News

Global Lawmakers Adopt Resolution to Support Maternal and Child Health

UNFPA Executive Director Dr. Babatunde Osotimehin and Mr. Anders B. Johnsson, Secretary General of the IPU meet in Kampala.
  • 05 April 2012

KAMPALA -- The Inter-Parliamentary Union, the world’s largest body of lawmakers, has approved a resolution to secure access to health, as a basic human right, for women and children.

The resolution calls on parliaments to take all possible measures to achieve Millennium Development Goals 4 and 5 by 2015. MDG 4 aims to reduce child deaths around the world by two thirds by 2015, while MDG 5 aims to reduce maternal deaths and widen access to reproductive health. This is the first time that the world’s parliaments, acting through the IPU, have passed a resolution on these issues.

The resolution was approved in an assembly that included a strong focus on the importance of investing in health. Earlier in the week, UNFPA Executive Director Babatunde Osotimehin delivered a keynote address arguing for reducing inequity by investing in women, children and young people, and keeping their needs high on the development agenda.

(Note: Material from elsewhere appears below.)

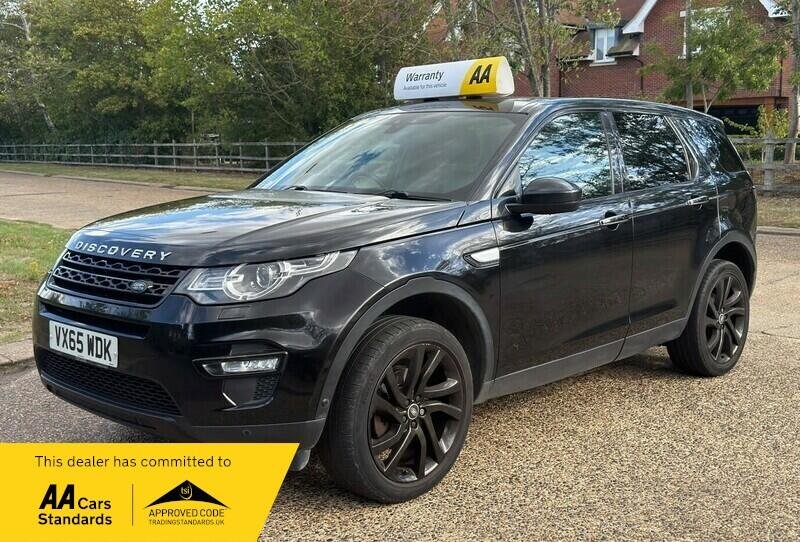 2015 Land Rover Discovery Sport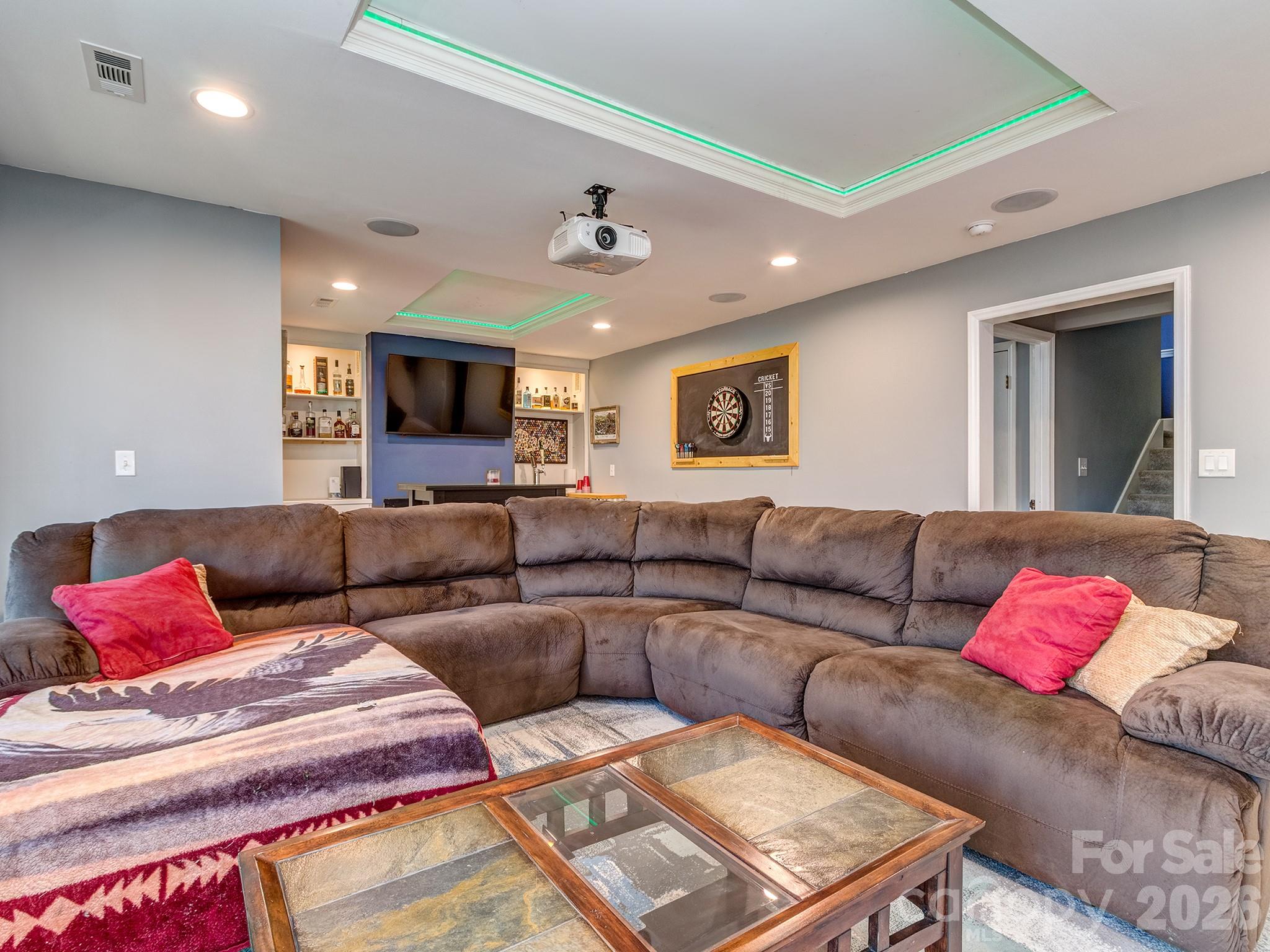 8723 Crestview Road Waxhaw, NC 28173 - Photo 23 of 33 a living room with furniture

UNICEF Executive Director Anthony Lake spoke about the importance of child nutrition. And a statement by UN Secretary-General Ban Ki-moon underscored the importance of his Every Mother, Every Child initiative.

The resolution also followed extensive dialogue by UNFPA, the Partnership for Newborn, Maternal and Child Health and others with members of the IPU and its committee on democracy and human rights.

"Global progress relies to a large extent on parliaments and parliamentarians," said Dr. Osotimehin. "They have a crucial role to play in ensuring people-centred policies supported by national budgets. I am very pleased that the IPU, with this new resolution, has shown its commitment to investing in the health and rights of women, children and young people."

Dr. Osotimehin expressed his desire to further strengthen the collaboration and underlined the positive impact that parliamentarians can have not only for accelerating action on achievement of MDGs, but also in terms of awareness raising, oversight and monitoring.

Such partnerships are crucial, he noted, for UNFPA’s work in delivering a world where every pregnancy is wanted, every childbirth is safe and every young person’s potential is fulfilled.